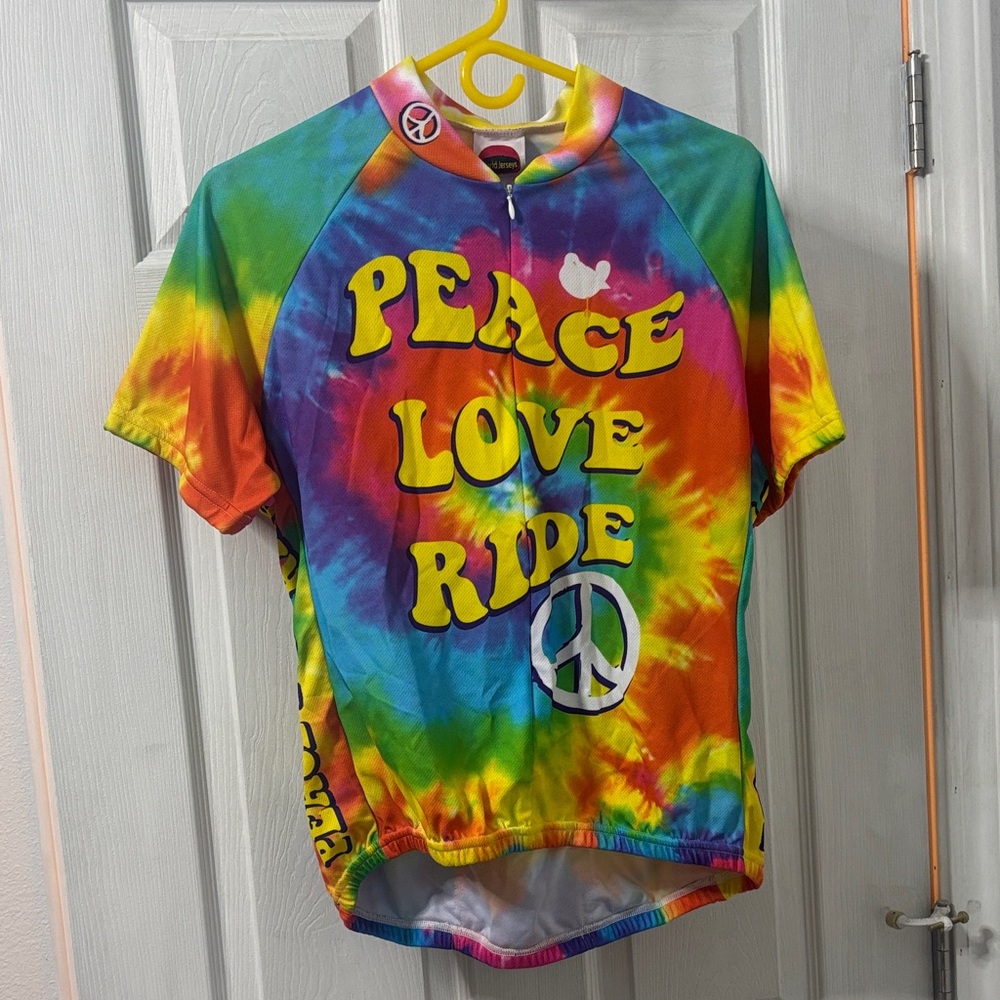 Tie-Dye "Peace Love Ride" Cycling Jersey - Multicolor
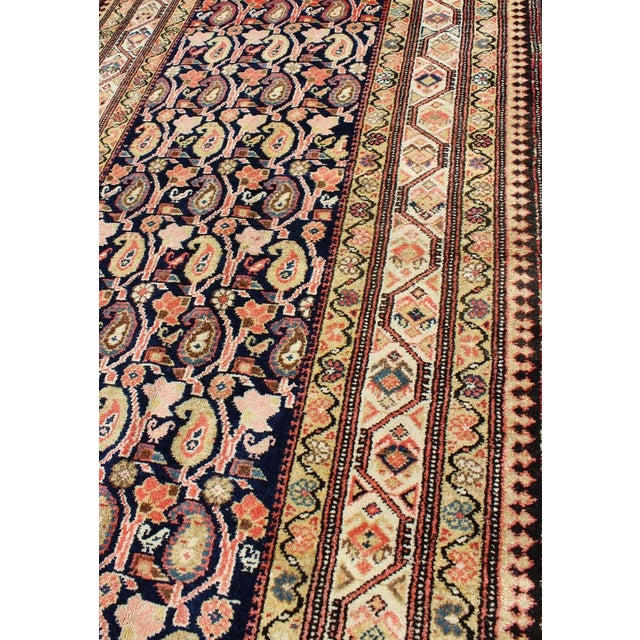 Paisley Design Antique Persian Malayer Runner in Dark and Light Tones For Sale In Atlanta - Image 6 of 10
==
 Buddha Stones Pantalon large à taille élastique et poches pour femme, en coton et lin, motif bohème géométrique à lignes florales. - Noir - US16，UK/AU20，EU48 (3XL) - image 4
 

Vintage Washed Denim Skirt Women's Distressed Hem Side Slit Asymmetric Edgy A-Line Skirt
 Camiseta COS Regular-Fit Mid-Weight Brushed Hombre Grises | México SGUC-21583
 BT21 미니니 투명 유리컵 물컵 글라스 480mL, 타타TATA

WHAT TO PRODUCE:
From the records above, quote word for word only the lines beginning at the line that has "Jersey - Multicolor" and stopping after the line that has "Paisley Design Antique". Omit the pictures.

TASK RESULT:
 Tie-Dye "Peace Love Ride" Cycling Jersey - Multicolor
 Paisley Design Antique Persian Malayer Runner in Dark and Light Tones For Sale In Atlanta - Image 6 of 10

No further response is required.